6.5 KiB
ZeroLagHub – Mod Deployment Safety & Self-Healing Specification
Version: 1.0 Phase: Phase 1 Core Stability Applies To: Game Containers Owner: Agent Layer
1. Purpose
Define the deterministic, self-healing deployment model for:
- Modrinth-based automated mod installs
- Dev artifact promotion installs
The system must:
- Prevent catastrophic mod deployment failures
- Automatically recover from crash loops
- Avoid operator intervention
- Preserve world/player data
- Avoid state explosion and disk bloat
This system is not a backup solution. It is a deployment safety mechanism.
2. Scope
Included in Safety Snapshot
/mods/configserver.properties
Explicitly Excluded
/world/logs- Cache directories
- Runtime temp files
World backup is handled by a separate backup system.
3. Core Concepts
3.1 Shadow Copy (File-Level Protection)
Used for fast rollback of a single mod change.
- Only applies to the most recently modified mod
- Only one shadow exists at any time
- Shadow lifetime is limited to the stabilization window
Example:
mods/
coolmod.jar
coolmod.jar.shadow
3.2 Snapshot (State-Level Protection)
Lightweight archive of mod/config state.

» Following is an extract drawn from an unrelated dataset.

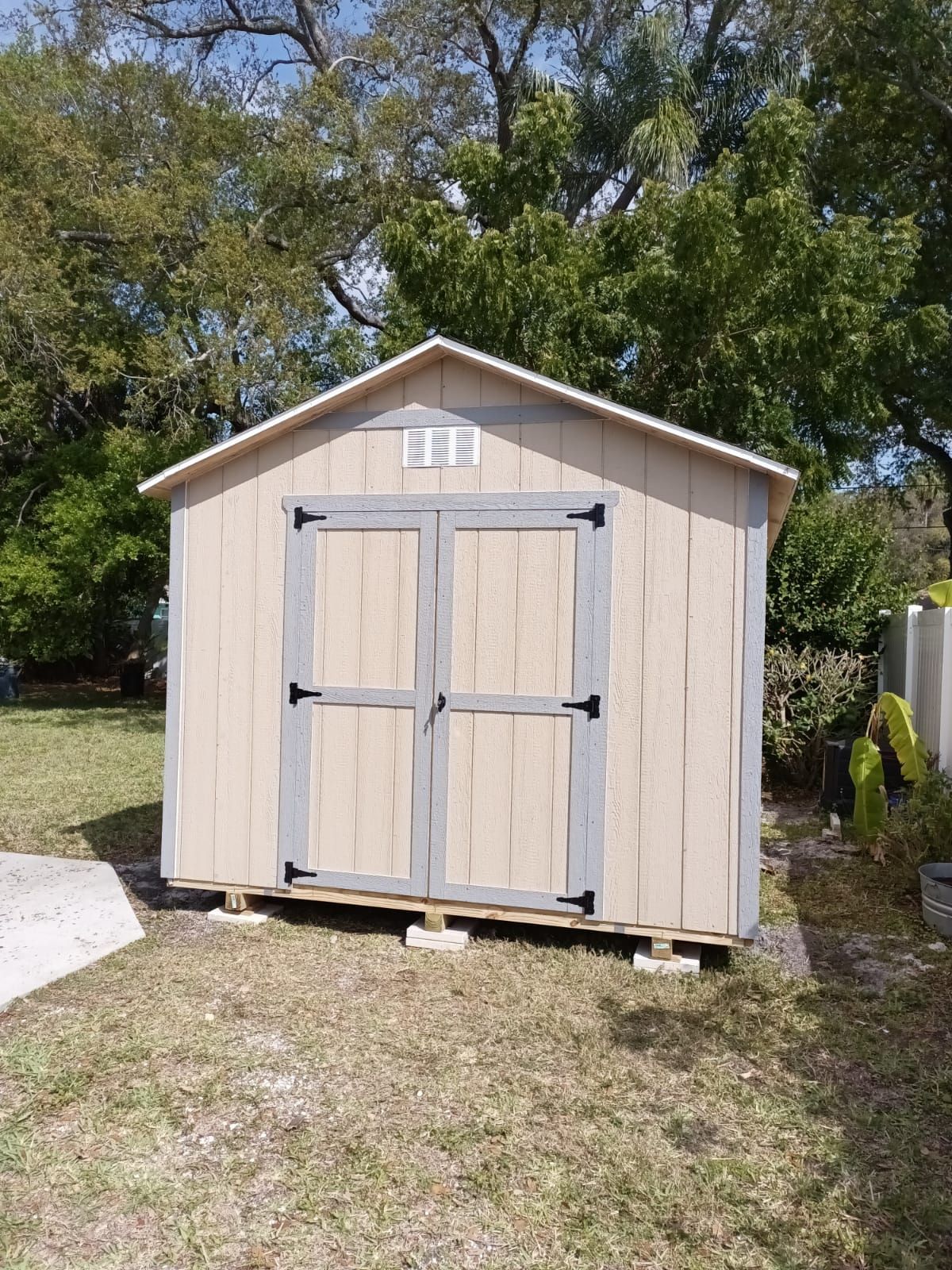 A small wooden shed is sitting in the middle of a grassy yard.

Created before any mod deployment.
Example path:
.zlh_snapshots/deploy-<timestamp>.tar.gz
Contains:
mods/config/server.properties
Only one active snapshot exists at a time.
4. Deployment State Machine
4.1 States
IDLE
DEPLOYING
STABILIZING
STABLE
ROLLBACK_FILE
ROLLBACK_SNAPSHOT
FAILED_RECOVERY
4.2 Deployment Flow
Step 1 – Stop Server
- Ensure clean shutdown
- Reset crash counters
Step 2 – Create Snapshot
- Archive
mods/,config/,server.properties - Mark snapshot status =
pending
Step 3 – Prepare Shadow (if replacing existing mod)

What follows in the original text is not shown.